> Work instructions:
Transcribe all of the data exactly. Images stay out.

> Data under study:
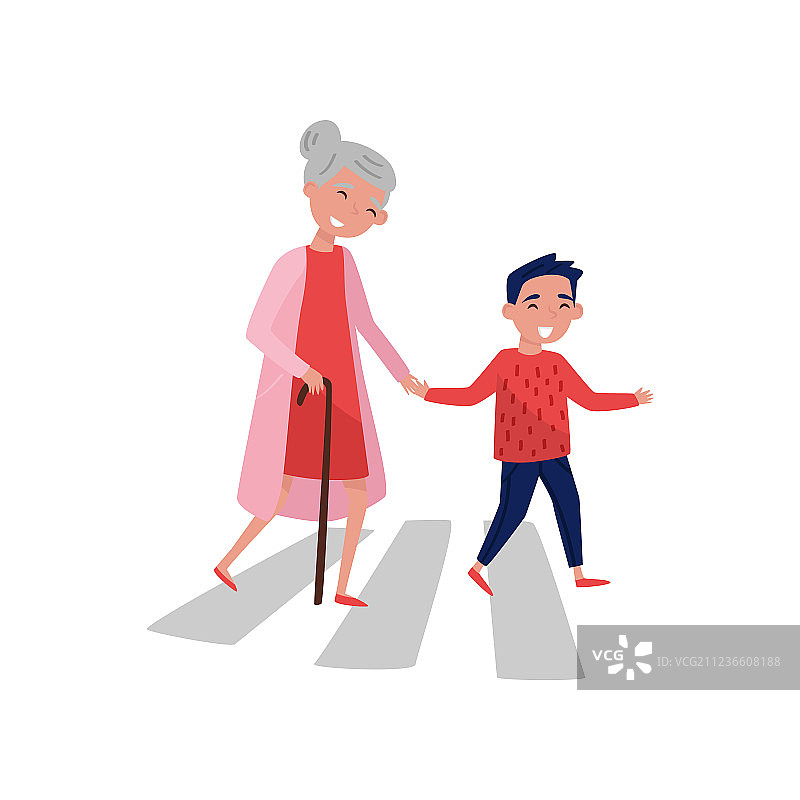 有礼貌的男孩帮助年长的女人过马路图片素材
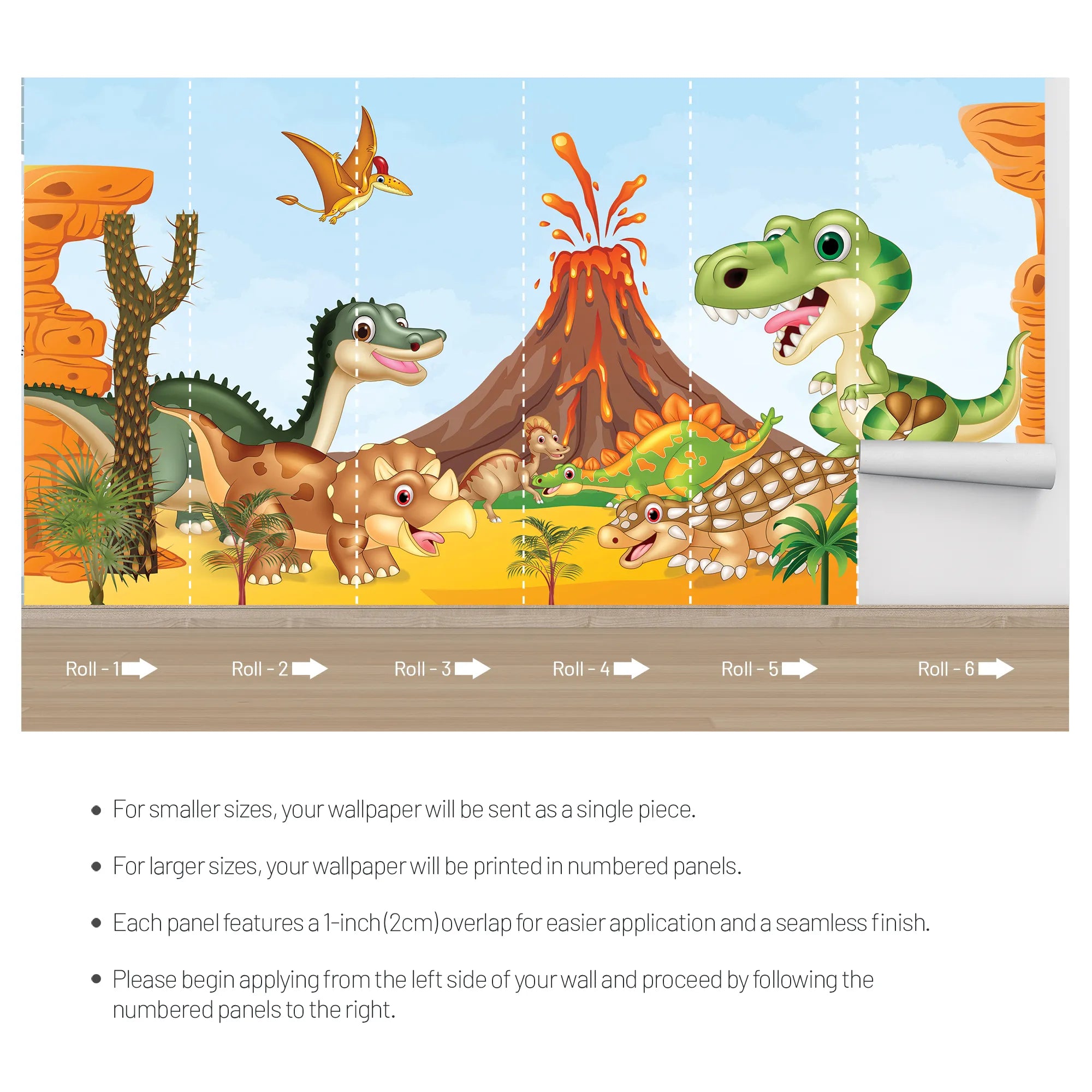 6077 / Fun Wallpaper - Peel and Stick Dinosaur Themed Nursery Decor for Kids Room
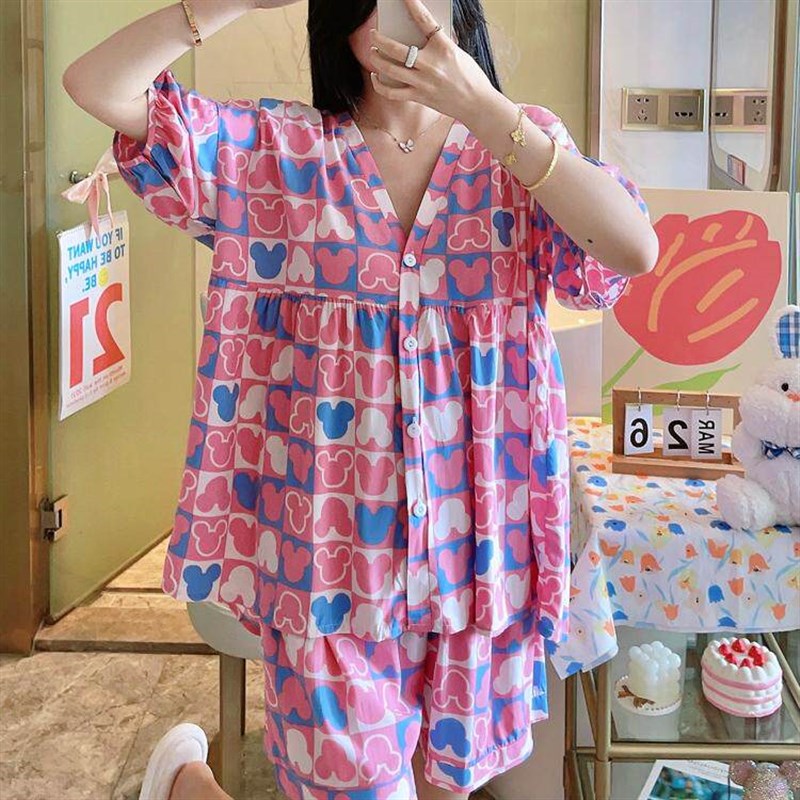 速发开衫套装夏松棉睡绸衣超薄款宽季加大码短裤家居服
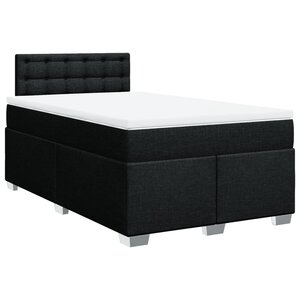 vidaXL Sommier à lattes de lit avec matelas noir 120x190 cm tissu
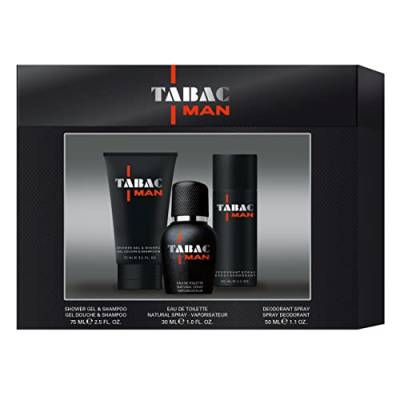 Tabac® Man | Trio Set - kraftvoll-maskuline Duftkomposition mit intensiv würziger Ausstrahlung | 30ml Eau de Toilette, 75ml Duschgel & 50ml Deodorant Spray von Tabac Original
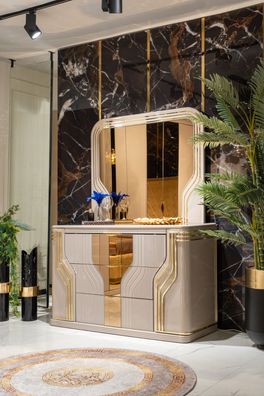 Luxus Design Kommode mit Spiegel Modern Schlafzimmer Einrichtung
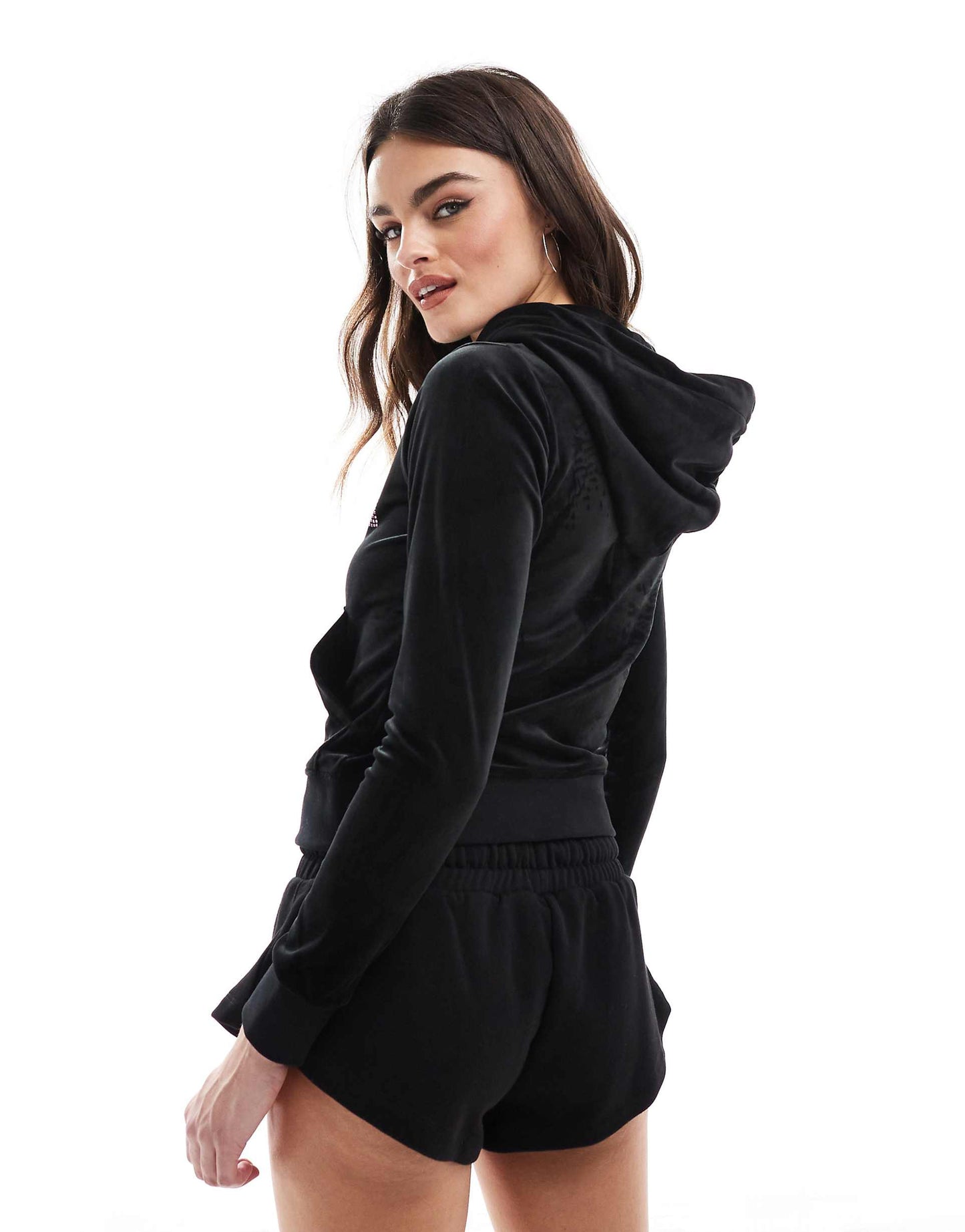 Velour Cropped Zip-Ip Hoodie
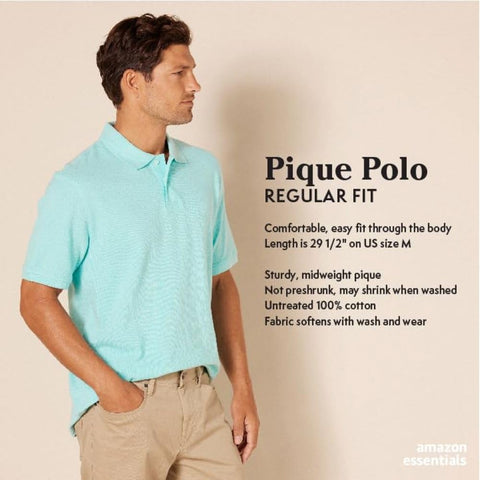 Amazon Essentials Men's Regular-Fit Cotton Pique Polo Shirt (Available in Big & Tall), Olive, X-Large Amazon Essentials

> Answer to the exercise:
 有礼貌的男孩帮助年长的女人过马路图片素材
 6077 / Fun Wallpaper - Peel and Stick Dinosaur Themed Nursery Decor for Kids Room
 速发开衫套装夏松棉睡绸衣超薄款宽季加大码短裤家居服
 vidaXL Sommier à lattes de lit avec matelas noir 120x190 cm tissu
 Tabac® Man | Trio Set - kraftvoll-maskuline Duftkomposition mit intensiv würziger Ausstrahlung | 30ml Eau de Toilette, 75ml Duschgel & 50ml Deodorant Spray von Tabac Original
 Luxus Design Kommode mit Spiegel Modern Schlafzimmer Einrichtung
 Velour Cropped Zip-Ip Hoodie
 Amazon Essentials Men's Regular-Fit Cotton Pique Polo Shirt (Available in Big & Tall), Olive, X-Large Amazon Essentials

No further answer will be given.